Eine Verringerung der hohen Gebühren für Geldüberweisungen – die sich derzeit im weltweiten Durchschnitt auf mehr als 8 % belaufen – fördert Rücküberweisungen nachweislich und steigert die Ersparnisse von Migranten. Die G-20 arbeiten derzeit daran, diese Kosten in fünf Jahren auf 5 % zu verringern; ein ambitioniertes Ziel von 1 % Prozent bis 2030 könnte – und sollte – festgelegt werden.

Mobile Banking-Technologie kann helfen. Ebenso ein stärkerer Wettbewerb auf dem Markt, durch den die Gebühren für wichtige Überweisungskorridore bereits gesenkt wurden, wie zwischen den VAE, Indien und den Philippinen oder den Vereinigten Staaten und Mexiko. Einige Banken und Unternehmen bieten jetzt kostenlose Überweisungen an, um Kunden anzulocken. Auch die Regierungen könnten die Reglements für kleinere Überweisungstransaktionen lockern. Auch exklusive Partnerschaften zwischen den nationalen Postsystemen und Geldtransferunternehmen sollten abgeschafft werden.

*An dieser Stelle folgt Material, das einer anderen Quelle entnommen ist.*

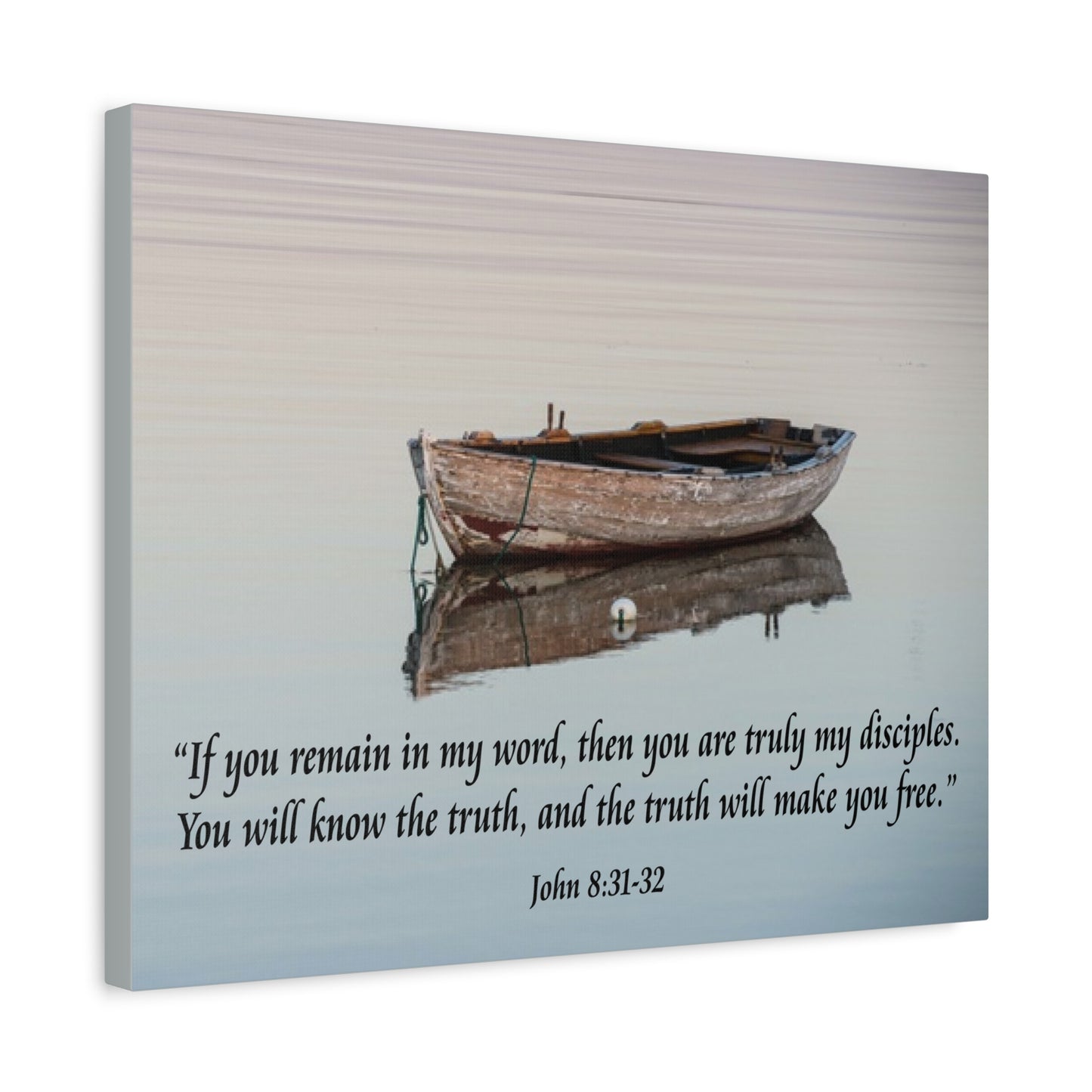 Scripture Walls John 8:31-32 Truth Will Make You Free Bible Verse Canvas Christian Wall Art Ready to Hang Unframed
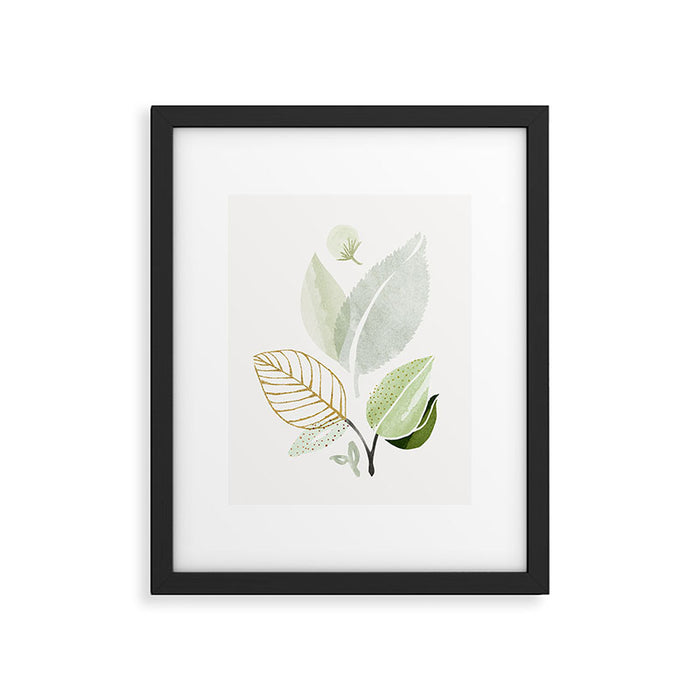 Forest Bouquet II Botanical Shapes Framed Art Print Gallery Image 1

Eine weitere Möglichkeit, die Ersparnisse der Diaspora besser zu nutzen, wäre, neue Finanzinstrumente für die Diaspora zu schaffen. Ein Wertpapier über kleinere Beträge (beispielsweise 1000 US-Dollar), auf das es Zinsen in Höhe von 3-4 % gibt, könnte für ausländische Arbeitnehmer interessant sein, die derzeit für ihre Einlagen in den Banken der Gastländer minimale Zinsen bekommen. Eine fünfjährige Diaspora-Anleihe hätte einen niedrigeren Zinssatz als eine Staatsanleihe die an ausländische institutionelle Anleger verkauft wird, da die Diaspora-Investoren das Risiko in ihren Heimatländern wahrscheinlich geringer einschätzen würden. Doch wären die Anleihen auch stabiler als Fremdwährungseinlagen ausländischer Besitzer in Entwicklungsländern, und die Registrierung der Anleihen bei den zuständigen Behörden in den wichtigsten Gastländern würde sie relativ sicher machen.

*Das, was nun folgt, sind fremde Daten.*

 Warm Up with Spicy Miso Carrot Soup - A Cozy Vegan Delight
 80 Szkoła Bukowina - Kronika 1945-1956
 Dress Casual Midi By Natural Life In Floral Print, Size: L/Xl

Doch ohne die Anbindung an Entwicklungsprojekte in Ländern, in denen das Vertrauen in die Regierung ausreichend ist, werden die Diaspora-Anleihen nicht zu einem plausiblen Entwicklungsinstrument werden. Die Anleihen sollten nicht nur sparenden Migranten, sondern allen Investoren offenstehen und weit verbreitet werden – sie sollten nicht nur in den Büchern einiger weniger Investmentbanken geführt werden. So könnten große Beträge für die Entwicklung zu niedrigen, stabilen Zinssätzen mobilisiert werden, ohne die Anreize zum Sparen für die ausländischen Arbeitnehmer zu verringern.